::: Records for the task

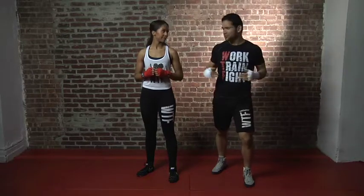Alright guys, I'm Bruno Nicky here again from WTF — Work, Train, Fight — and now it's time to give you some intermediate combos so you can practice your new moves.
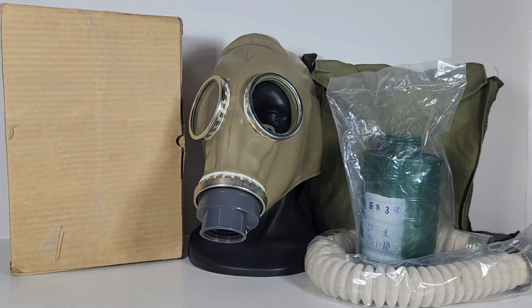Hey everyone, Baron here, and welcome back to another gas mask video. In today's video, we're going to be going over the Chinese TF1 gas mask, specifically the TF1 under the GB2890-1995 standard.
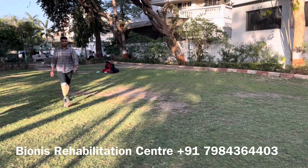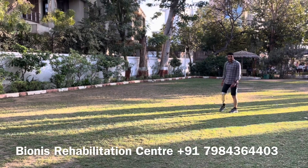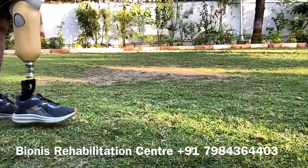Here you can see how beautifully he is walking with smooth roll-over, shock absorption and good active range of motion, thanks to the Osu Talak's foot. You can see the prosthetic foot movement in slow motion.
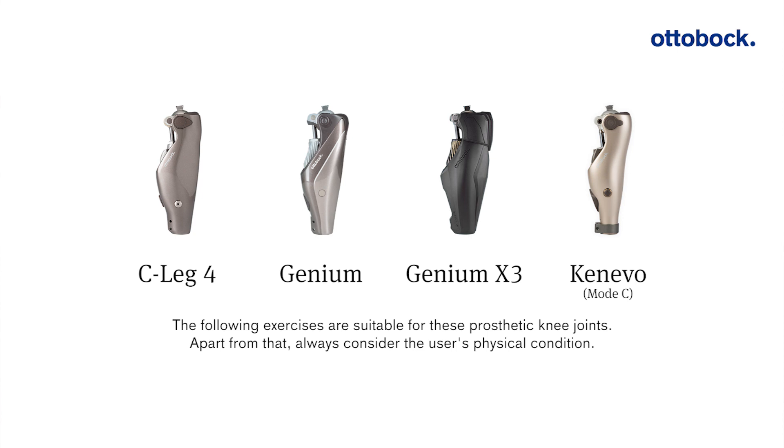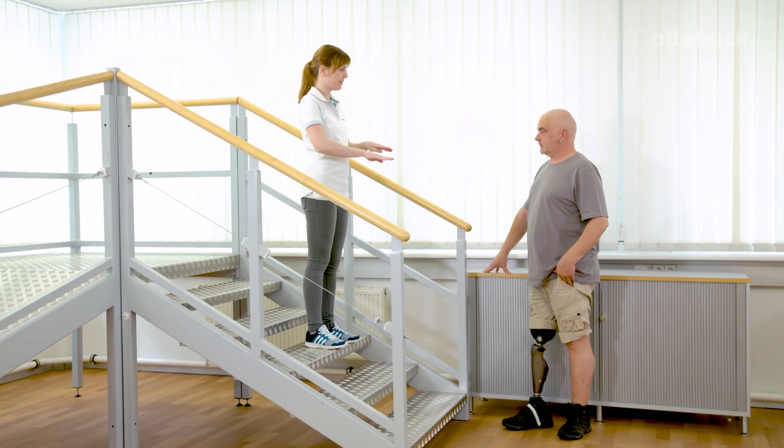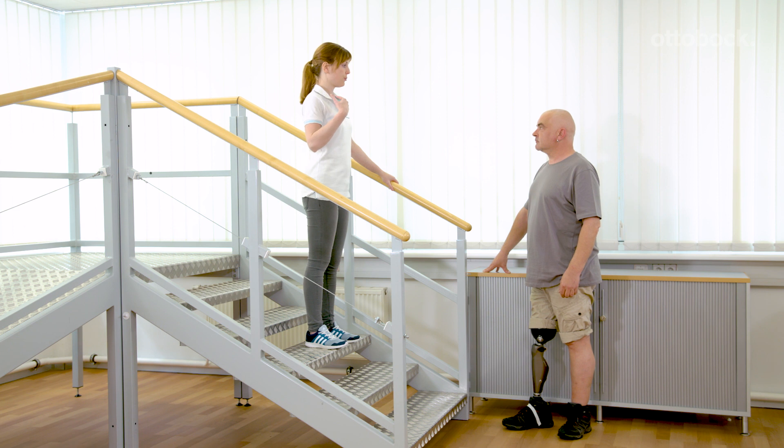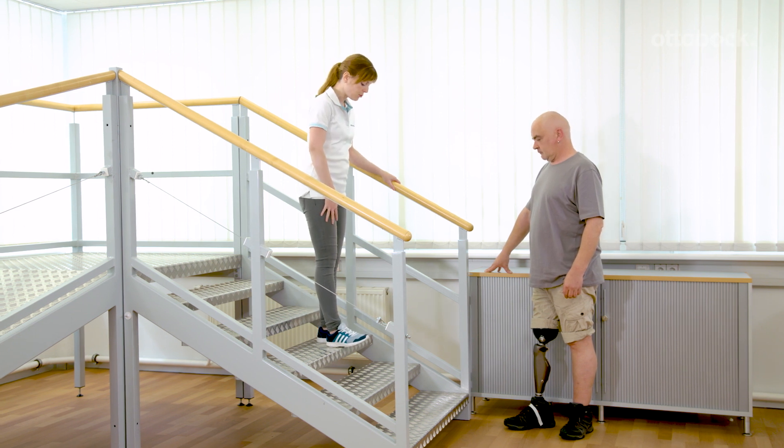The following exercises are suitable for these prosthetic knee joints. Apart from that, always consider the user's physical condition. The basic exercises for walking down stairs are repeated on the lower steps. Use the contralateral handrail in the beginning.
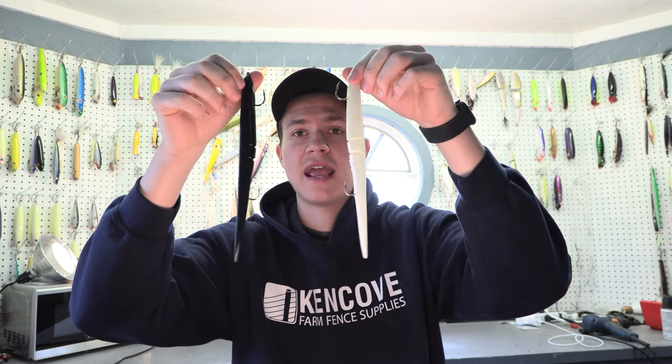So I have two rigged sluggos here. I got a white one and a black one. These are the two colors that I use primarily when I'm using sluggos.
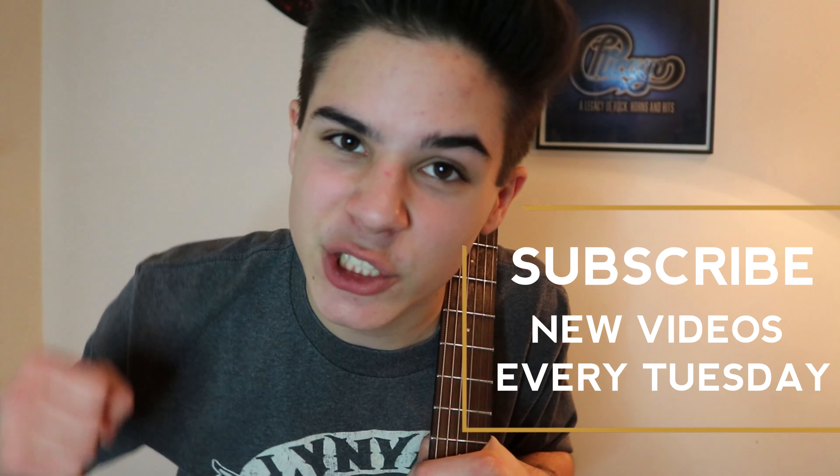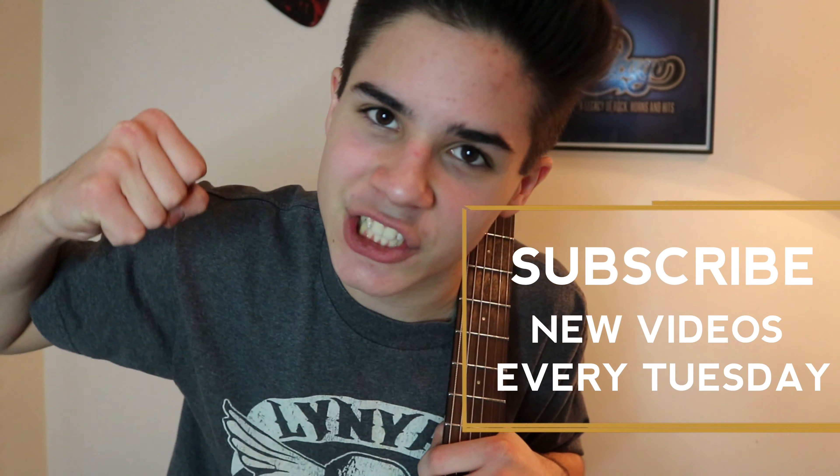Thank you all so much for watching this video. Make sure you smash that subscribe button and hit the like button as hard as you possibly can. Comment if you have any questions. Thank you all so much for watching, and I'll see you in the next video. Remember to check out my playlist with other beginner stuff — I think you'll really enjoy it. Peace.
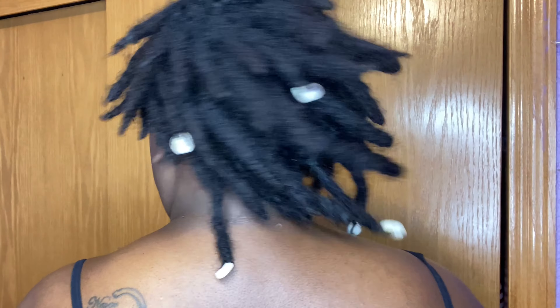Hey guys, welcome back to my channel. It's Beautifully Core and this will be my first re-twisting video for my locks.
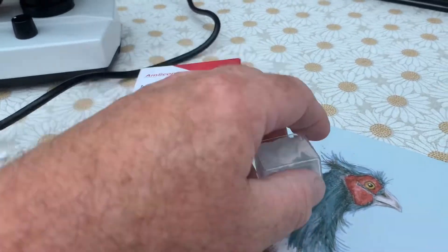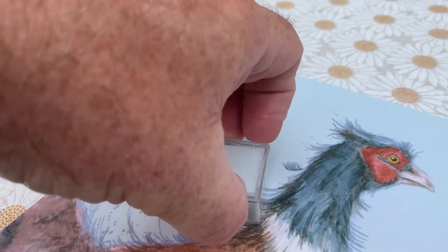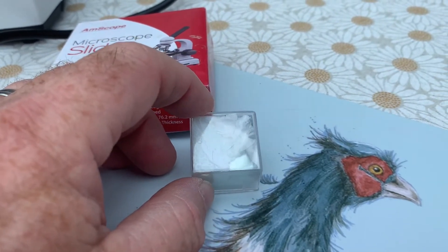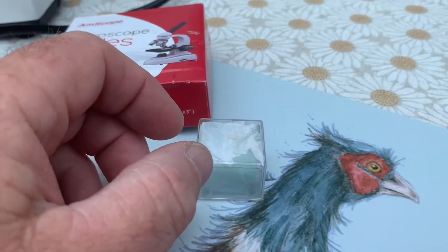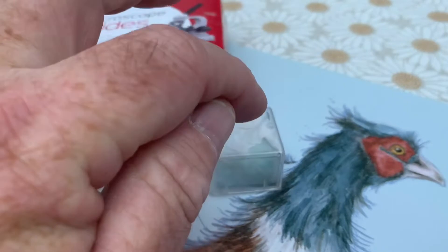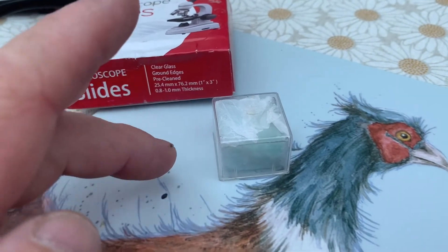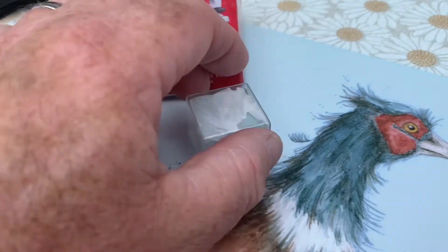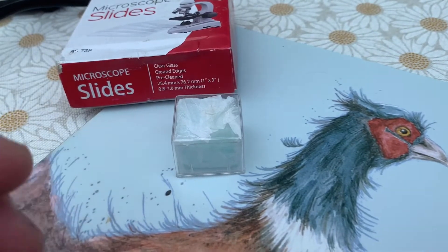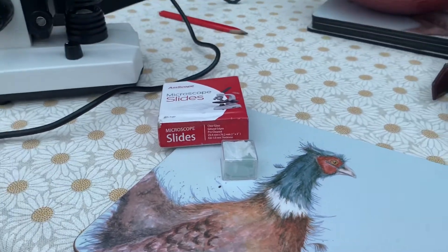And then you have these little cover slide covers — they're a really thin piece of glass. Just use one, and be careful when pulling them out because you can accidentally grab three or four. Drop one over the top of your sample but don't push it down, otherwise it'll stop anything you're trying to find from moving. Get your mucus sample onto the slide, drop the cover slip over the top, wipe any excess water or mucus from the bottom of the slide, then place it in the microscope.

::::::

**Task to carry out**
Copy out all the data exactly; skip the pictures.

**Output for this task**
Alright guys, I'm Bruno Nicky here again from WTF — Work, Train, Fight — and now it's time to give you some intermediate combos so you can practice your new moves.
Hey everyone, Baron here, and welcome back to another gas mask video. In today's video, we're going to be going over the Chinese TF1 gas mask, specifically the TF1 under the GB2890-1995 standard.
Here you can see how beautifully he is walking with smooth roll-over, shock absorption and good active range of motion, thanks to the Osu Talak's foot. You can see the prosthetic foot movement in slow motion.
The following exercises are suitable for these prosthetic knee joints. Apart from that, always consider the user's physical condition. The basic exercises for walking down stairs are repeated on the lower steps. Use the contralateral handrail in the beginning.
So I have two rigged sluggos here. I got a white one and a black one. These are the two colors that I use primarily when I'm using sluggos.
Thank you all so much for watching this video. Make sure you smash that subscribe button and hit the like button as hard as you possibly can. Comment if you have any questions. Thank you all so much for watching, and I'll see you in the next video. Remember to check out my playlist with other beginner stuff — I think you'll really enjoy it. Peace.
Hey guys, welcome back to my channel. It's Beautifully Core and this will be my first re-twisting video for my locks.
And then you have these little cover slide covers — they're a really thin piece of glass. Just use one, and be careful when pulling them out because you can accidentally grab three or four. Drop one over the top of your sample but don't push it down, otherwise it'll stop anything you're trying to find from moving. Get your mucus sample onto the slide, drop the cover slip over the top, wipe any excess water or mucus from the bottom of the slide, then place it in the microscope.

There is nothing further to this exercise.